The green argument works for water bottles but not for fuel tanks. Plus this is China we're talking about which is far from the most restrictive place when it comes to emissions and pollutants. Heck pretty much every major automobile manufacturer on the planet has been using plastic manifolds and fuel tanks on vehicles for decades now. I'm quite certain these Chinese manufacturers went back to steel because recycling the worlds scrap metal and stamping them and having some guy off the street splatter some welds on is simply cheaper than investing in plastic molding machinery.


----------



## mikeklaphake (Mar 19, 2018)

1132le said:


> You have 7.8 hp engine on a 28 bucket of course it struggles in deep snow and wet snow
> it's fairly known that its under powered


I'm not sure about that. It handled a solid 15" last April no problem at all before I added the filter. When I say it gets bogged down in deeper snow, I am talking 5-6". This machine shouldn't even flinch at that. 

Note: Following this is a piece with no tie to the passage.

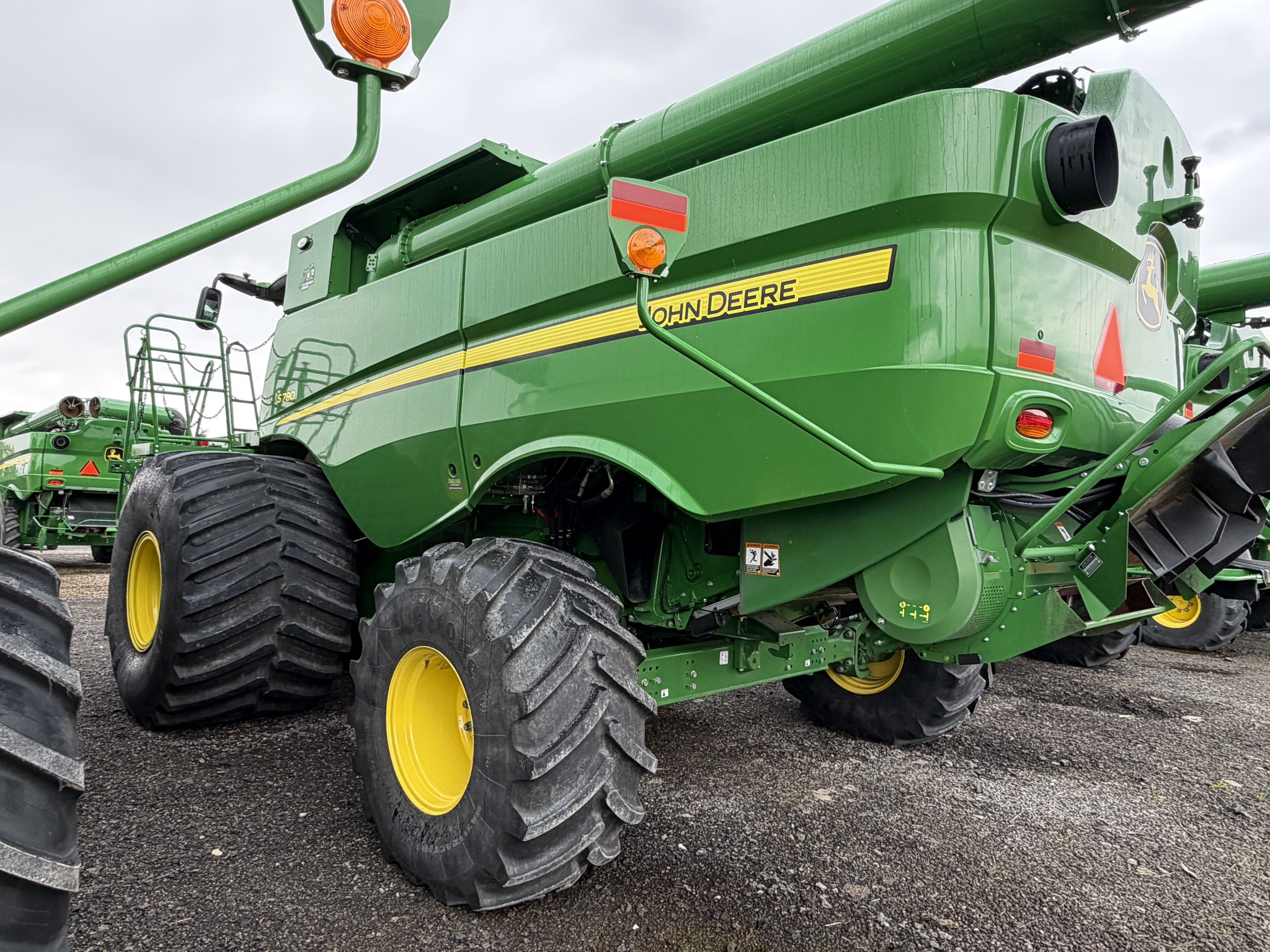 2022 John Deere S780 Image 4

Thanks for the insight everyone. I am going to try the red 150 micron filter and see if that helps.


----------



## Lottstodo (Feb 16, 2018)

When your back working on this you may want to check the fuel shut off valve, I have had a couple ariens that the valve had some debris in it and was restricting fuel and sometimes cut the fuel right off in the on position. Turning it off then on again it would let fuel through, and then start acting up to do the same thing of restricting, this was the factory shut off.


----------



## HCBPH (Mar 8, 2011)

Just a thought here on the fuel tank lining issue. I've not had to use it, but I've read about a apply yourself liner material that you flow around the inside of an automobile gas tank and once flowed in and dried it supposedly seals all leaks and rust that may exist in the tank. If it applies and could work, might be work checking out.


----------